The survey also showed that having landline broadband is tied to household income. Nearly one third of households that make under $25,000 per year have mobile data as their only broadband product. And that is up from 16% of these households in 2013. This must be a function of affordability and it’s not hard to see how lower income homes can’t afford both smartphones and landline broadband.

But the survey showed other trends that were a surprise. The survey shows that 18% of homes making between $50,000 per year and $75,000 per year have mobile-only data, a huge jump upward from 8% in 2013. And 17% of homes making between $75,000 and $100,000 are now mobile-only, another big jump up from 8% in 2013. The survey showed that even 15% of homes making more than $100,000 have gone to mobile-only data, another big increase from 6% in 2013.

But there are other industry statistics that don’t seem to jive with these numbers. All of the publicly traded ISPs routinely report customer counts and for 2015, as a whole, the industry showed a net increase of over 3 million new landline broadband connections last year. Industry analysts are expecting almost the same increase for the whole ISP industry in 2016. With about 125 million total households in the country that will mean that nearly 5% more of total households will have added landline broadband in 2015 and 2016. That huge increase in landline data connections seems to contradict the survey numbers.

Certainly there must be many people (particularly in urban areas) that can get by without a landline data connection. In cities there is more and more WiFi available. People have WiFi at work and more and more businesses in the city provide it as a convenience to their customers. And there are plenty of people living in tightly packed apartments that share a WiFi connection with a nearby neighbor.

But it’s hard to think this can account for the huge shift shown by the survey. If the survey is correct, then as many as 10% of all homes have abandoned a landline data connection since 2013 – over 12 million homes – and the industry numbers just don’t back that up.

Certainly any big user of data at home must have a landline connection. Nobody is going to use mobile data for watching video or playing online games. Nobody is even going to use mobile data for any serious amount of school work or for taking work home from the office. The small data caps make that far too expensive.

Our big cellular companies have priced mobile data to be among the most expensive broadband in the world when measured as cost per downloaded gigabit. Nobody who uses any significant data is going to use data that is as much as 100 times more expensive as a landline data connection unless they have no choice. There are certainly plenty of households in rural areas who use their cellular data connection as the only source of broadband. They use it very sparingly and still report getting huge monthly bills for mobile data.

I have no idea how to reconcile these two very different set of facts. We know the number of landline data connections that ISPs sell and that number tells a very different story than this survey. And while it’s anecdotal, I can’t think of one of my hundreds of clients who is not seeing annual increases in landline data customers.

But this survey asked the question to 53,000 respondents, and in the world of statistics this means the information received from the survey should be extremely believable. The survey results would be very suspect if the questions were misleading or if the survey was not administered randomly.
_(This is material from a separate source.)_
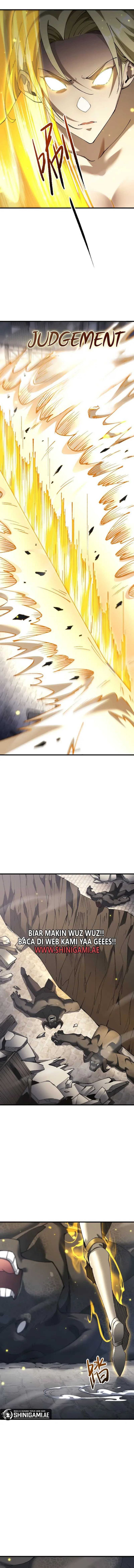 From Goblin to Goblin God Chapter 49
But I would think that an organization like the Census would have been careful to have gotten these things right. This difference between these two sets of facts is a puzzle and I am sure that over time that the trend will become clear – whatever it is. But for now I am very skeptical of the survey results until they have been collaborated with other data.

2 thoughts on “Are Americans Abandoning Wireline Data?

  1. Gospel: Nobody is going to use mobile data for watching video or playing online games. Nobody is even going to use mobile data for any serious amount of school work or for taking work home from the office. The small data caps make that far too expensive.”
    But “what if”: Sprint or T-Mobile really did offer true “unlimited” plans?ie make the shift to the equivalent of WISP?

    • The wireless carriers have a problem today in that cellular technology is not good at handling large numbers of users doing things like streaming video for hours. It doesn’t take a whole lot of simultaneous users to completely overwhelm a cell site’s capacity. This is partly due to today’s cellular technology, but it’s also largely a function of the spectrum being used, and unless a whole more spectrum is brought to cell towers then this is not going to be a likely solution in densely populated areas.

      This can work better in more rural areas, but there the issue becomes the distance of users from a cell site. Cellular spectrum is like any other radio signal and quickly loses power with distance. So people more than a relatively short distance from a cell site can have problem with things like streaming.